Several miles and lots of perspiration later, I’ll never know how it happened, but we were on the Schuylkill Expressway. Out here, we call it the “Sure-kill.” (The right way to say it, if you’re interested, is school-kull.)

By now it was fully dark, and I was completely terrified.  Terry had specifically warned me about getting the right exit, or I’d end up right where I was. Hoo boy.  Talk about white-knuckles!  Only two of my co-travelers were familiar with our position, and they calmly misdirected me a couple of times. We drove through dark, gorgeous neighborhoods as well as dark, not-so-gorgeous neighborhoods. We were all scared, all trying to act as if we weren’t.  Except for me. I didn’t care.  I just wanted to get OUT of there!

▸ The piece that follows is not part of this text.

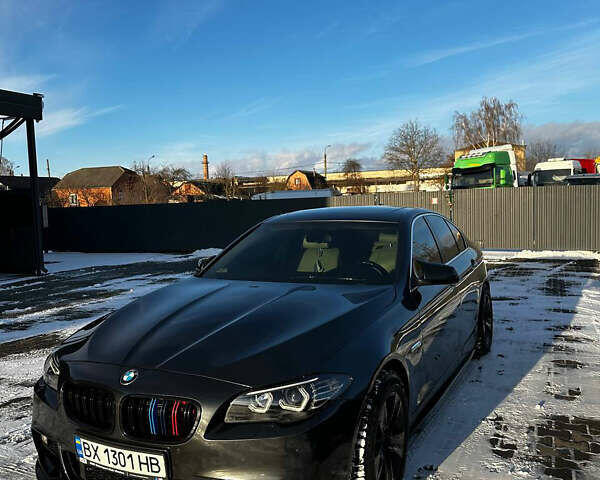 Серый БМВ 5 Серия, объемом двигателя 3 л и пробегом 272 тыс. км за 17000 $, фото 19 на Automoto.ua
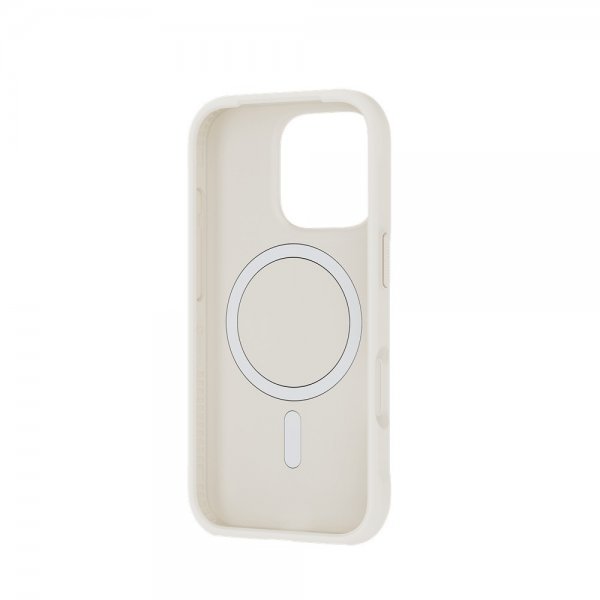 Tech21 iPhone 16 Pro -suojakuori EvoArmor MagSafe Cream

Finally, finally, I saw an exit for a route I knew would take us out of the city and into the northern suburbs. My relief was so great I actually cried. We stopped at what I hoped was a safe gas station and I used a pay phone to call Terry. All our husbands had been on the phone with each other by this time, because we were several hours later than we should have been. Terry calmed me down, gave me brief and specific directions for getting home, and even complimented me on making it out of the maze with no damage to the car. The only damage was to my nerves, which were completely shot. I was numb, which was probably a good thing.

I gassed up the car and off we went, five travelers on a journey none of us would ever forget.